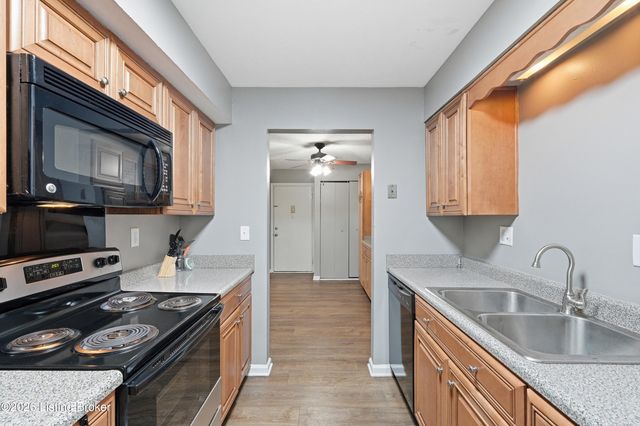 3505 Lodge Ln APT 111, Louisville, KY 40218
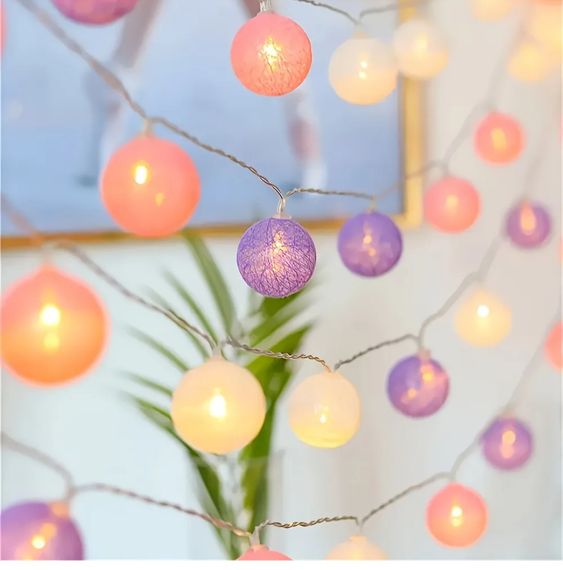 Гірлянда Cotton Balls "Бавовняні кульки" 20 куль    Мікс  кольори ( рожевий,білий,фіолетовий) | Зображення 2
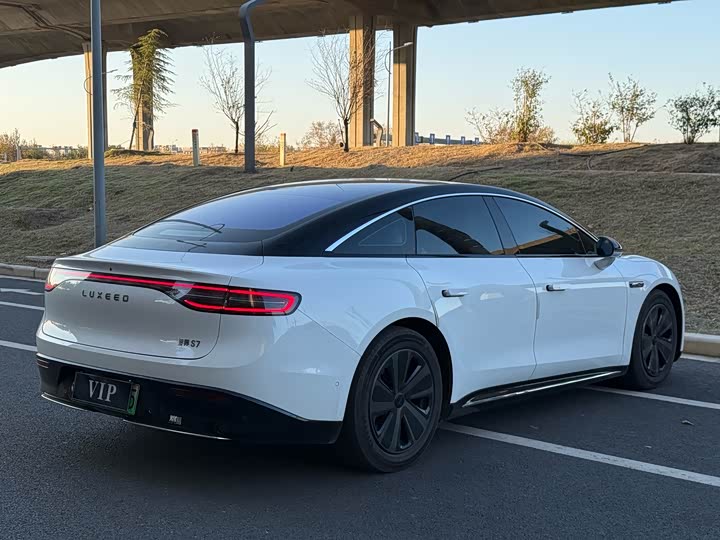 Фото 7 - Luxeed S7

====

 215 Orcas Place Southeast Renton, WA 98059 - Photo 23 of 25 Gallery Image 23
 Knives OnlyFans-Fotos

====

» **The task**: Each line in the listing above from the one containing "215 Orcas Place" through the one containing "Knives OnlyFans-Fotos" should be repeated exactly, and no other line.

» **Completed task**:
 215 Orcas Place Southeast Renton, WA 98059 - Photo 23 of 25 Gallery Image 23
 Knives OnlyFans-Fotos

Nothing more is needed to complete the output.